[Extracted data entries]
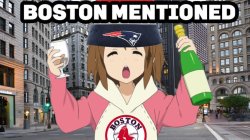 Boston Mentioned Meme Template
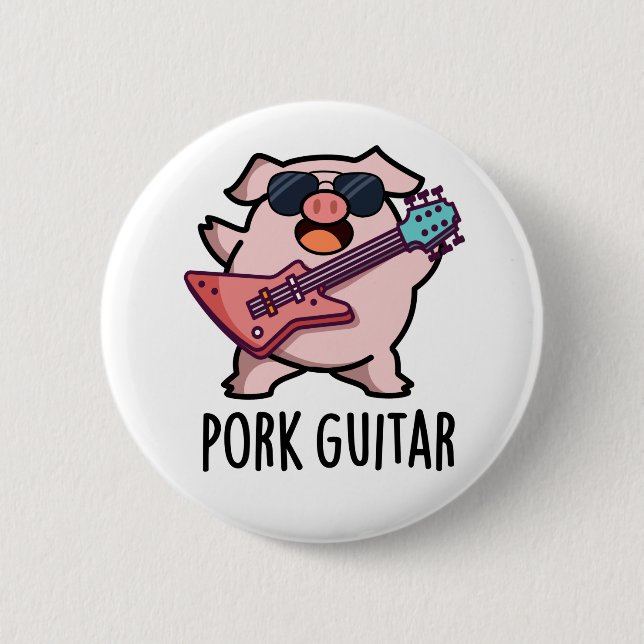 Pork Guitar Funny Rock Guitar Pig Pun 6 Cm Round Badge (Front)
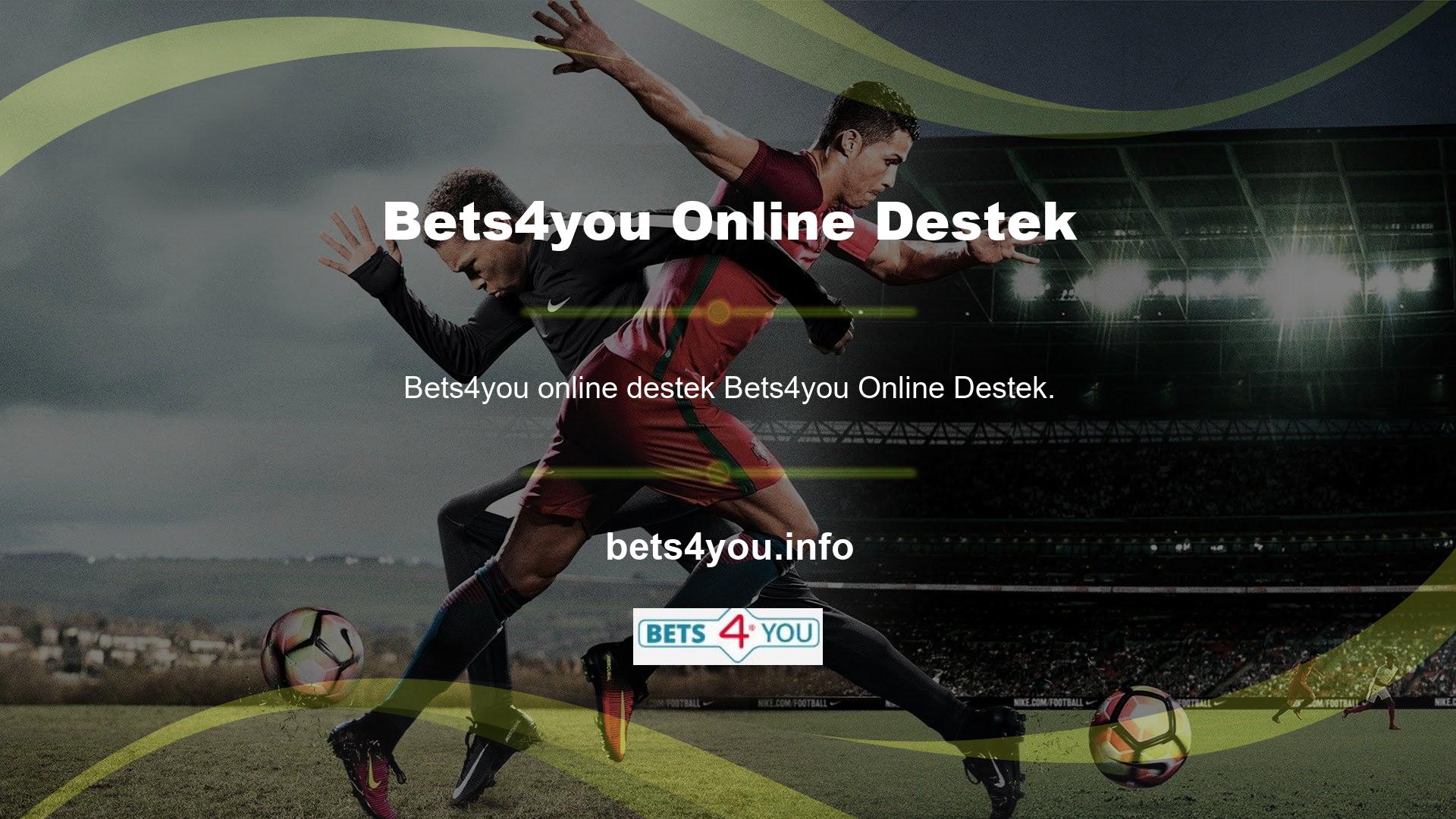 Bets4you canlı desteğe bahis yapmak isteyenler için muhtemelen doğru adrestir
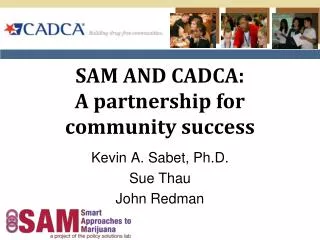 SAM AND CADCA: A partnership for community success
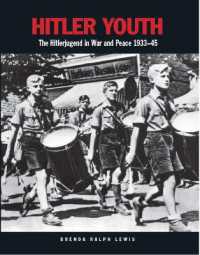 Hitler Youth : The Hitlerjugend in War and Peace 1933-45
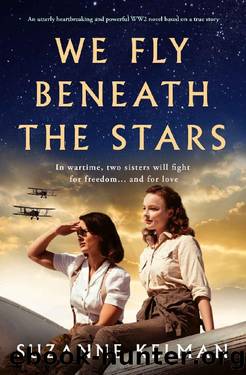 We Fly Beneath the Stars: An utterly heartbreaking and powerful WW2 novel, based on a true story by Suzanne Kelman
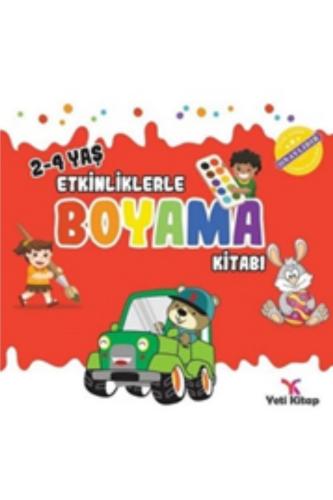 ETKİNLİKLERLE BOYAMA KİTABI - 1 / 2-4 YAŞ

◆ DIRECTIONS: Give the records a second time exactly, keeping the images out.

◆ PROBLEM SOLUTION:
 Boston Mentioned Meme Template
 Pork Guitar Funny Rock Guitar Pig Pun 6 Cm Round Badge (Front)
 Bets4you canlı desteğe bahis yapmak isteyenler için muhtemelen doğru adrestir
 SAM AND CADCA: A partnership for community success
 Hitler Youth : The Hitlerjugend in War and Peace 1933-45
 We Fly Beneath the Stars: An utterly heartbreaking and powerful WW2 novel, based on a true story by Suzanne Kelman
 ETKİNLİKLERLE BOYAMA KİTABI - 1 / 2-4 YAŞ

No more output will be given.